- Opening Delimiter -
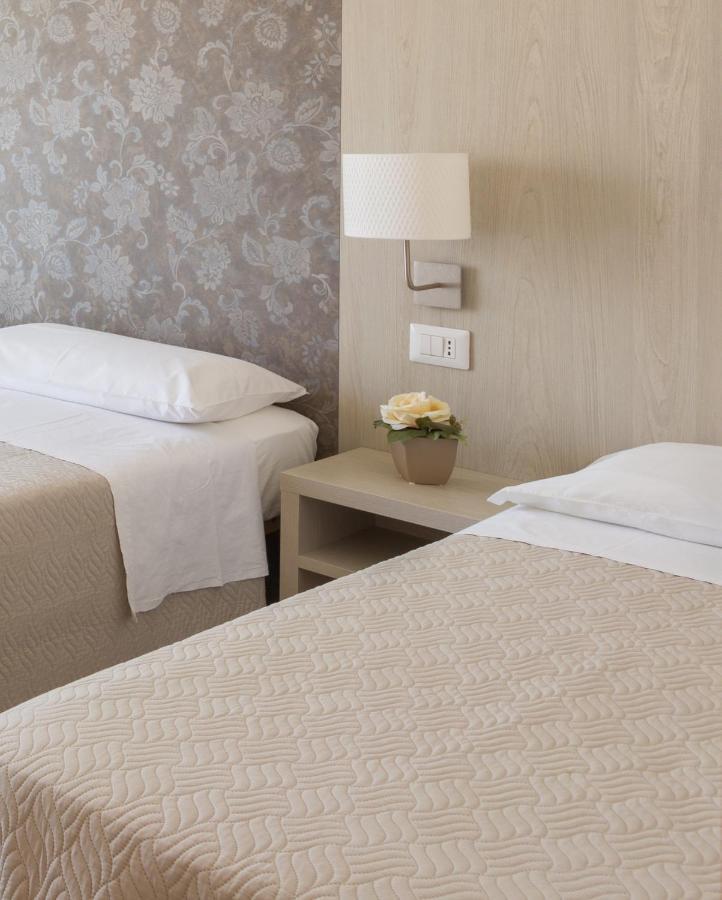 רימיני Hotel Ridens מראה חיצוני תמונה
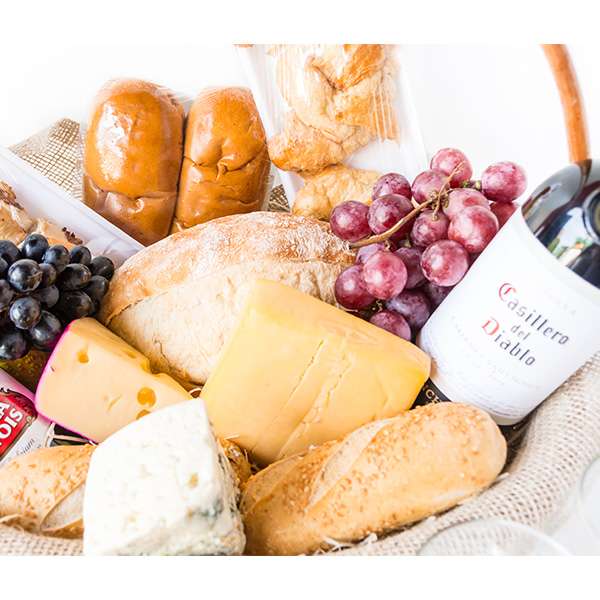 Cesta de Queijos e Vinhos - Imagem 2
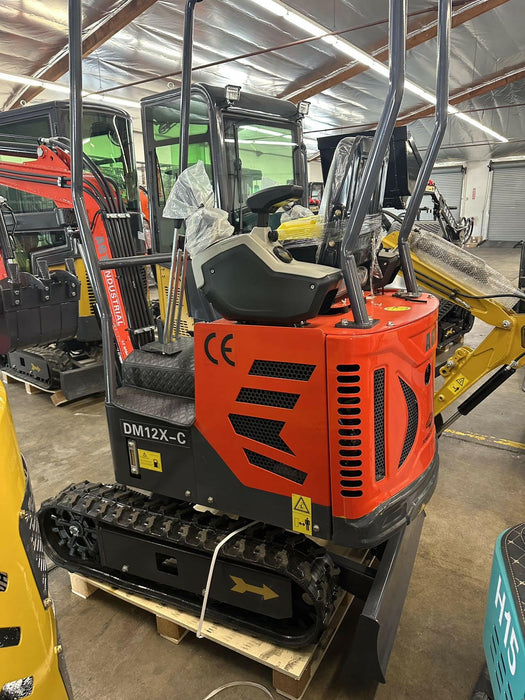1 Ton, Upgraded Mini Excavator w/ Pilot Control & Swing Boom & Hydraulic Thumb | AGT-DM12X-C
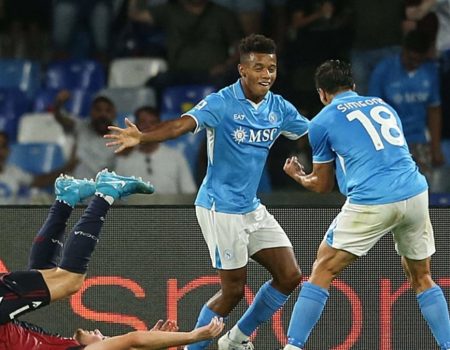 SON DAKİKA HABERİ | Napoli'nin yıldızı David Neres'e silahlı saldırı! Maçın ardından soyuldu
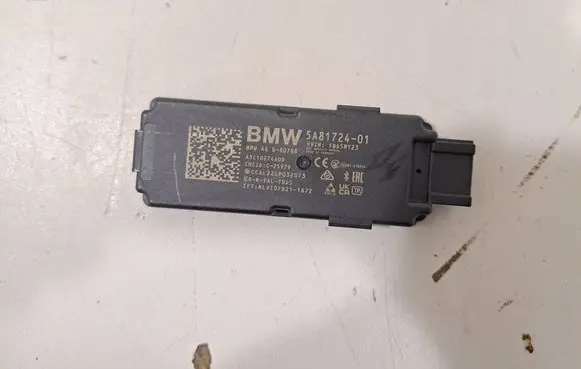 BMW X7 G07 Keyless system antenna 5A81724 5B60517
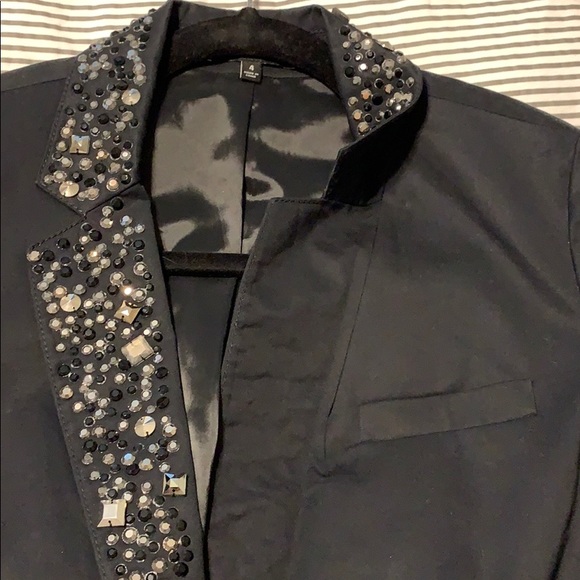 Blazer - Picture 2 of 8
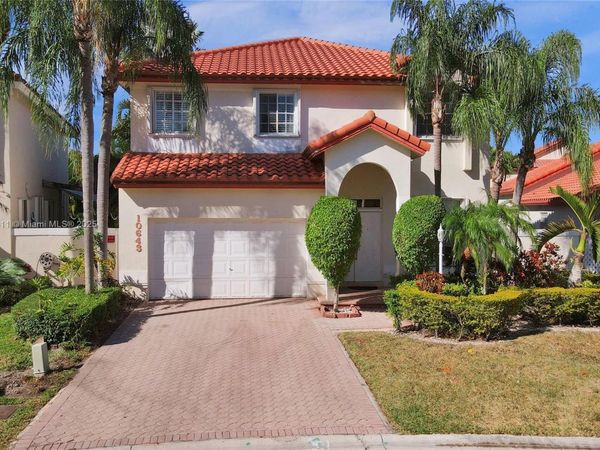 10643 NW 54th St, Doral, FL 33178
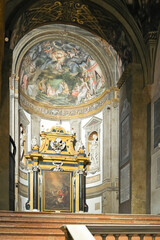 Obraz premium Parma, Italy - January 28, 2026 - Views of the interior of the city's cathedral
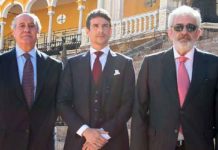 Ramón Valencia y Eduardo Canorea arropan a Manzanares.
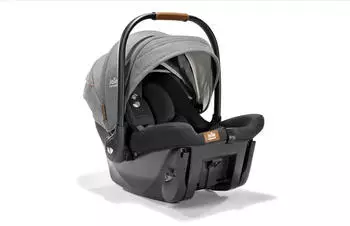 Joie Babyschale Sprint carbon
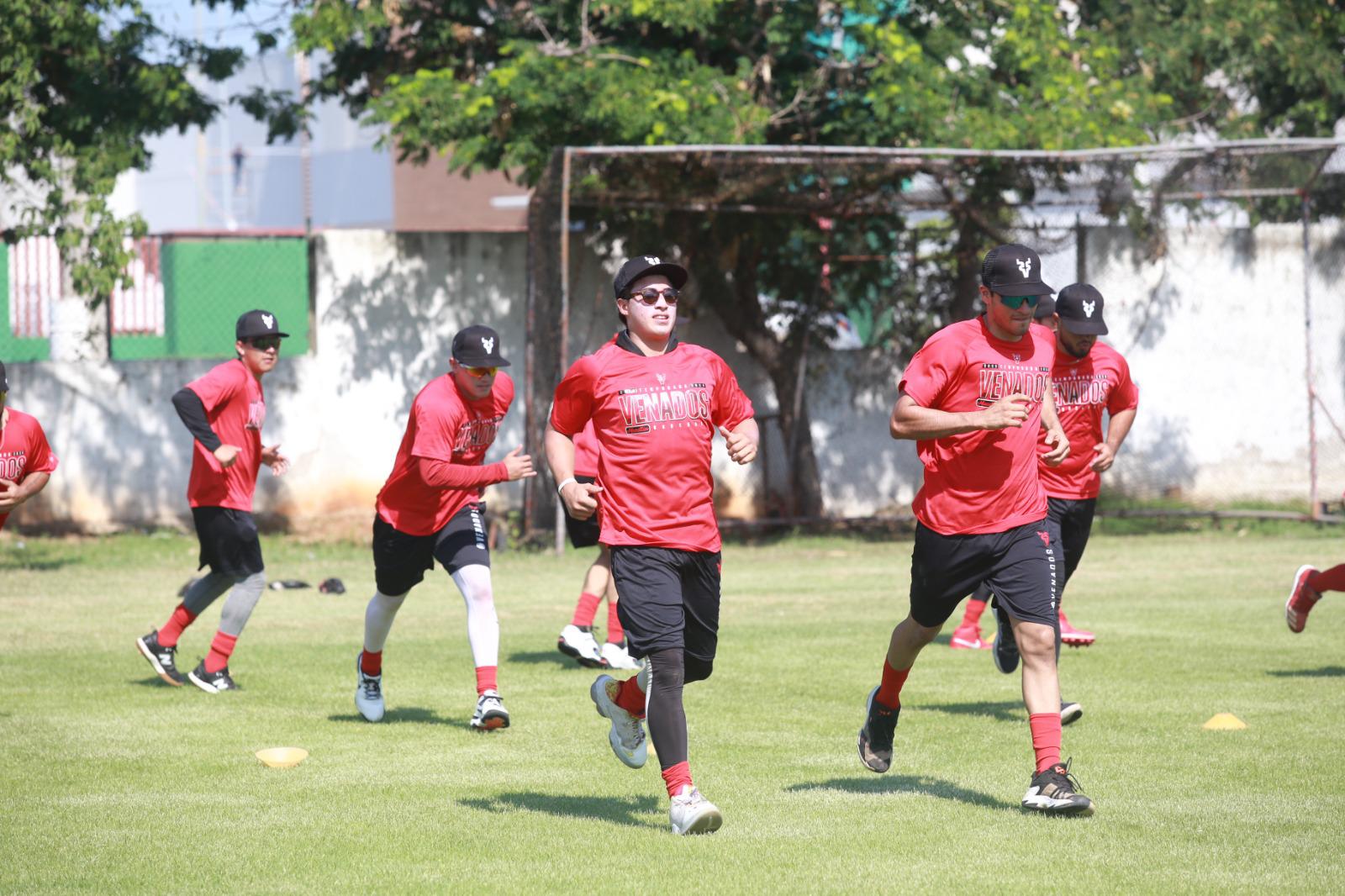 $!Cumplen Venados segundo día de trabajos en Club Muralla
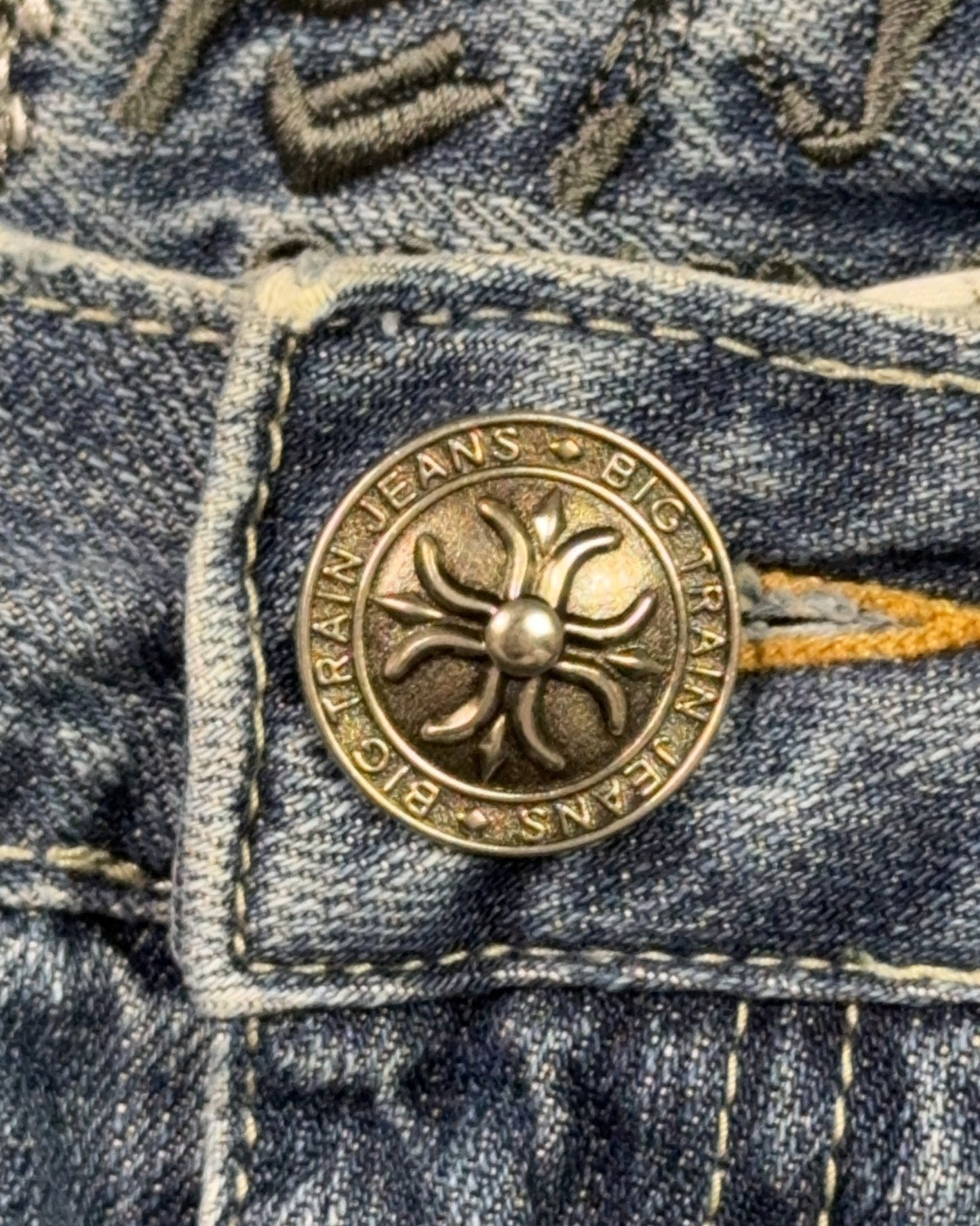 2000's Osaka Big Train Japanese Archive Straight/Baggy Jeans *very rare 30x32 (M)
- Closing Delimiter -
Task description:
Where the line containing "SON DAKİKA HABERİ" appears in the entries above, start there and set down every line exactly through the last one, inclusive; omit pictures.

Response:
 SON DAKİKA HABERİ | Napoli'nin yıldızı David Neres'e silahlı saldırı! Maçın ardından soyuldu
 BMW X7 G07 Keyless system antenna 5A81724 5B60517
 Blazer - Picture 2 of 8
 10643 NW 54th St, Doral, FL 33178
 Obraz premium Parma, Italy - January 28, 2026 - Views of the interior of the city's cathedral
 Ramón Valencia y Eduardo Canorea arropan a Manzanares.
 Joie Babyschale Sprint carbon
 $!Cumplen Venados segundo día de trabajos en Club Muralla
 2000's Osaka Big Train Japanese Archive Straight/Baggy Jeans *very rare 30x32 (M)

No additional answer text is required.